> [EXERCISE PROMPT]
Set down the entries that follow exactly as written, leaving out any images.

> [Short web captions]
BEGIN
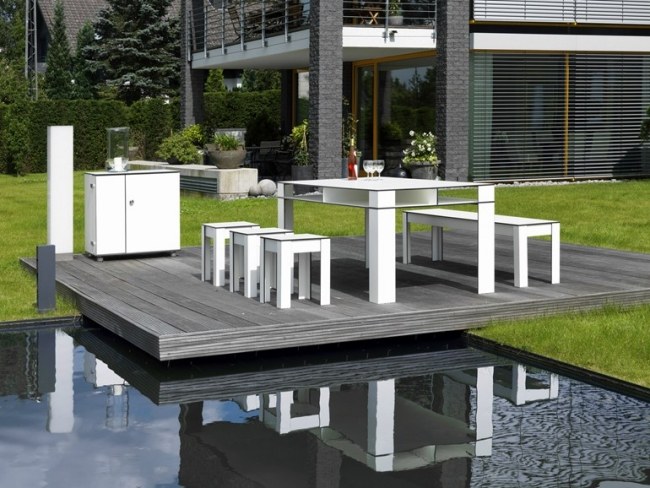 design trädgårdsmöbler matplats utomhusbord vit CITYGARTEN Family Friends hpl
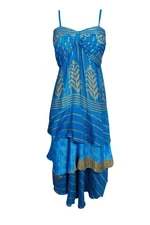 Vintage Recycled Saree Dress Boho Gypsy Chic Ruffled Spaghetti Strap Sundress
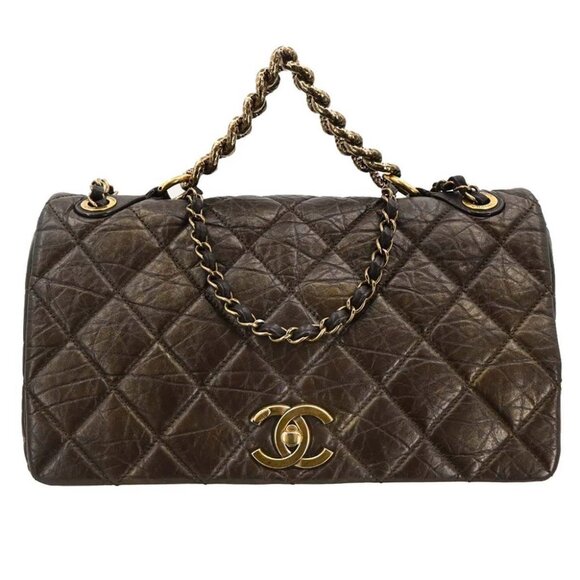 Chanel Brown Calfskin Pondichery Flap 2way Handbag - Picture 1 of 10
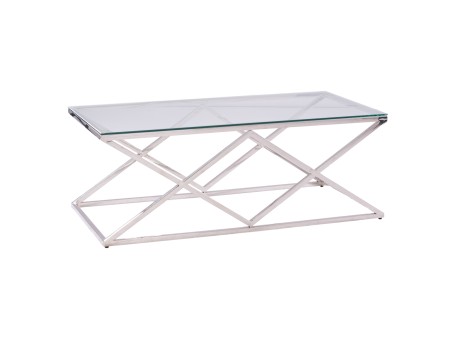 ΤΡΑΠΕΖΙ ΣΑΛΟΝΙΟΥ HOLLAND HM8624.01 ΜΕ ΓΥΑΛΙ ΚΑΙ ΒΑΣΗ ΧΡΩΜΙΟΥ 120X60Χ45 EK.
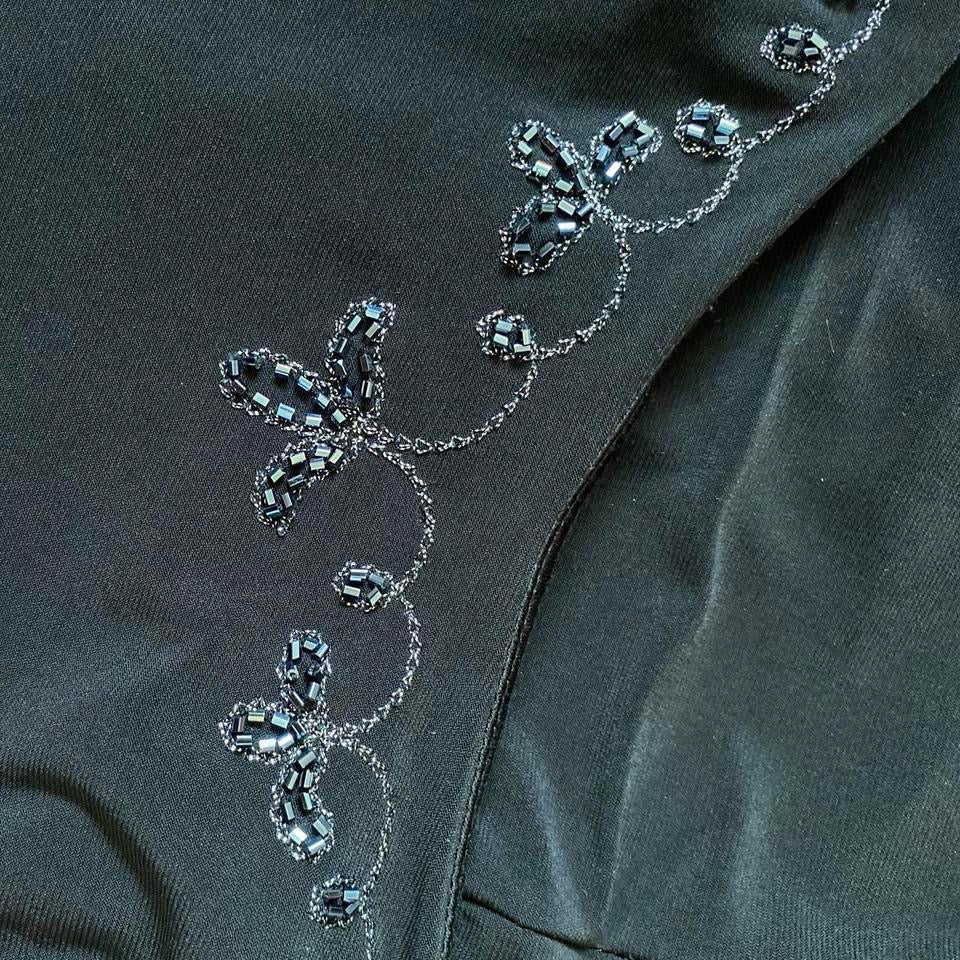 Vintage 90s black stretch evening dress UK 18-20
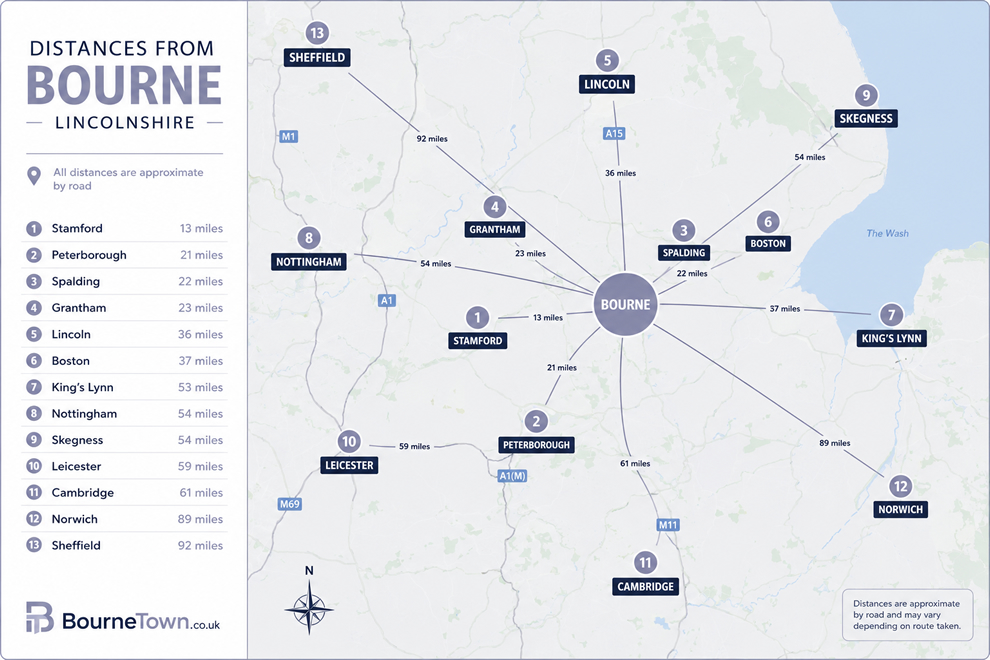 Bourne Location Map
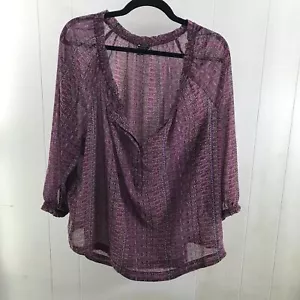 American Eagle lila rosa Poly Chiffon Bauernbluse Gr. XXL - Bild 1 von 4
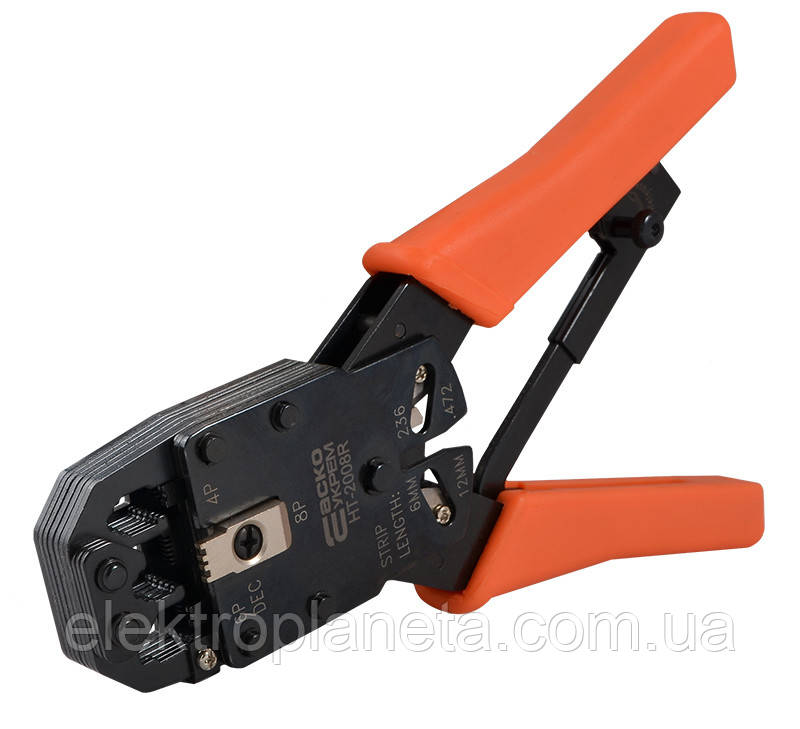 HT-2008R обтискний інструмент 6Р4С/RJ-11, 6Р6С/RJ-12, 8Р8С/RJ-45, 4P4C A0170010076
END
> [SOLUTION TO THE PROBLEM]
 design trädgårdsmöbler matplats utomhusbord vit CITYGARTEN Family Friends hpl
 Vintage Recycled Saree Dress Boho Gypsy Chic Ruffled Spaghetti Strap Sundress
 Chanel Brown Calfskin Pondichery Flap 2way Handbag - Picture 1 of 10
 ΤΡΑΠΕΖΙ ΣΑΛΟΝΙΟΥ HOLLAND HM8624.01 ΜΕ ΓΥΑΛΙ ΚΑΙ ΒΑΣΗ ΧΡΩΜΙΟΥ 120X60Χ45 EK.
 Vintage 90s black stretch evening dress UK 18-20
 Bourne Location Map
 American Eagle lila rosa Poly Chiffon Bauernbluse Gr. XXL - Bild 1 von 4
 HT-2008R обтискний інструмент 6Р4С/RJ-11, 6Р6С/RJ-12, 8Р8С/RJ-45, 4P4C A0170010076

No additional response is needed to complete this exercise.